═════ INFORMATION PROVIDED

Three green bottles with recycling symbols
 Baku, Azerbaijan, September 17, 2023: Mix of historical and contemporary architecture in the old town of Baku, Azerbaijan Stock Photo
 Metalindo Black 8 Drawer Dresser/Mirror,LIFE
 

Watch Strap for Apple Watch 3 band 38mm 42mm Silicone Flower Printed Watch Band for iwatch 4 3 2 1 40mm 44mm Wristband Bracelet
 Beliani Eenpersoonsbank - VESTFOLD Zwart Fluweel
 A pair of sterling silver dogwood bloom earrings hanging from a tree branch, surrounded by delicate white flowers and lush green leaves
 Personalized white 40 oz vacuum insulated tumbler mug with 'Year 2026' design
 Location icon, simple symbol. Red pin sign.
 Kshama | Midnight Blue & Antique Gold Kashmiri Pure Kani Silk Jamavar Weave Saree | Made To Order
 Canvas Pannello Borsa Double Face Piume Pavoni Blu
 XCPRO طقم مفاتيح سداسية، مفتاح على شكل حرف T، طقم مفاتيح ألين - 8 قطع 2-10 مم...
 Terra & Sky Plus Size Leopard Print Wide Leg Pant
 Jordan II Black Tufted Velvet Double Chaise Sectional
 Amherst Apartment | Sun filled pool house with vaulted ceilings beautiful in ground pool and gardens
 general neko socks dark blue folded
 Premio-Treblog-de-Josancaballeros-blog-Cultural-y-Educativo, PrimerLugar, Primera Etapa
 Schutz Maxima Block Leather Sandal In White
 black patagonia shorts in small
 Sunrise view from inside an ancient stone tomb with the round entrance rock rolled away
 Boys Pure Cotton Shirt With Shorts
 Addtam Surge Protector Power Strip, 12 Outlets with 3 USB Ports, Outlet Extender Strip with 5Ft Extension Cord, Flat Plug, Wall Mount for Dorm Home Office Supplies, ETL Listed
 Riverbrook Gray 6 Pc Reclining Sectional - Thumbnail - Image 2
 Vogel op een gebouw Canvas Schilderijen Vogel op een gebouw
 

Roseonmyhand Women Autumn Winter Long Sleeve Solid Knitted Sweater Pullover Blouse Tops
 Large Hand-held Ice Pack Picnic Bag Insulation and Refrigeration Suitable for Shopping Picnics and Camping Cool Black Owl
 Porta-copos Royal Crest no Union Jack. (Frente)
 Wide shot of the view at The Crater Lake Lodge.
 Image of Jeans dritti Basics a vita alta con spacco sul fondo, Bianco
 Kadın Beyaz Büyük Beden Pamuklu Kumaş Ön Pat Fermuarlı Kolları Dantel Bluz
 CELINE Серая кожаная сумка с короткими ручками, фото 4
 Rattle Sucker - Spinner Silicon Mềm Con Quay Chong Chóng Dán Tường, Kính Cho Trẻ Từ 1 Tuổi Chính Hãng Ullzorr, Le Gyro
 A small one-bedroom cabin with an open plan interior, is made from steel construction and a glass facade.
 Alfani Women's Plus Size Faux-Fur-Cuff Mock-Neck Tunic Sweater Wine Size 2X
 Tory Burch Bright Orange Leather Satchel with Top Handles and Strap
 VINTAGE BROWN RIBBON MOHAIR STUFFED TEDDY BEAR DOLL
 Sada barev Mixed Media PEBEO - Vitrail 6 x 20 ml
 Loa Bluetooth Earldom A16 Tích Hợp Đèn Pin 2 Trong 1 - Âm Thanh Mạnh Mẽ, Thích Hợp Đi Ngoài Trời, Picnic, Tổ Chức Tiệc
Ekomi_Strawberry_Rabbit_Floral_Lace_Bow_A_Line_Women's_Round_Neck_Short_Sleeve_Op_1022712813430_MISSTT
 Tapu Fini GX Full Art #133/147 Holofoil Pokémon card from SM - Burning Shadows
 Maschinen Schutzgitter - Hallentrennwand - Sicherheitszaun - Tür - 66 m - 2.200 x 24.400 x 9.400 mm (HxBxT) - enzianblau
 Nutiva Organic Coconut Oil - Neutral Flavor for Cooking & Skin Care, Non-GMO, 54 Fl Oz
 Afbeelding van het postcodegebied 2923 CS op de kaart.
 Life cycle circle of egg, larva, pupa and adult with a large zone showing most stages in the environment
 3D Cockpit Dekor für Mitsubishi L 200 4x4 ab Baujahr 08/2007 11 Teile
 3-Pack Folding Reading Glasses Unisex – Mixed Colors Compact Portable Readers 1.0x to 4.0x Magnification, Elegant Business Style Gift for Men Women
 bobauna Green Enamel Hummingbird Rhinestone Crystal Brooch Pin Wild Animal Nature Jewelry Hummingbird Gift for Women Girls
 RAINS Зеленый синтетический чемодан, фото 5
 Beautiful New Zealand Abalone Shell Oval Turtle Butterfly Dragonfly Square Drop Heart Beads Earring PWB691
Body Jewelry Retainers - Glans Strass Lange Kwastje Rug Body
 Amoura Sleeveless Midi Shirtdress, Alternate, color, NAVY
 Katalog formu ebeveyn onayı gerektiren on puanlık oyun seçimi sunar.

══════════

REQUIREMENT: Your response should be each line that includes the word "фото", copied from the records.

COMPLETED TASK:
 CELINE Серая кожаная сумка с короткими ручками, фото 4
 RAINS Зеленый синтетический чемодан, фото 5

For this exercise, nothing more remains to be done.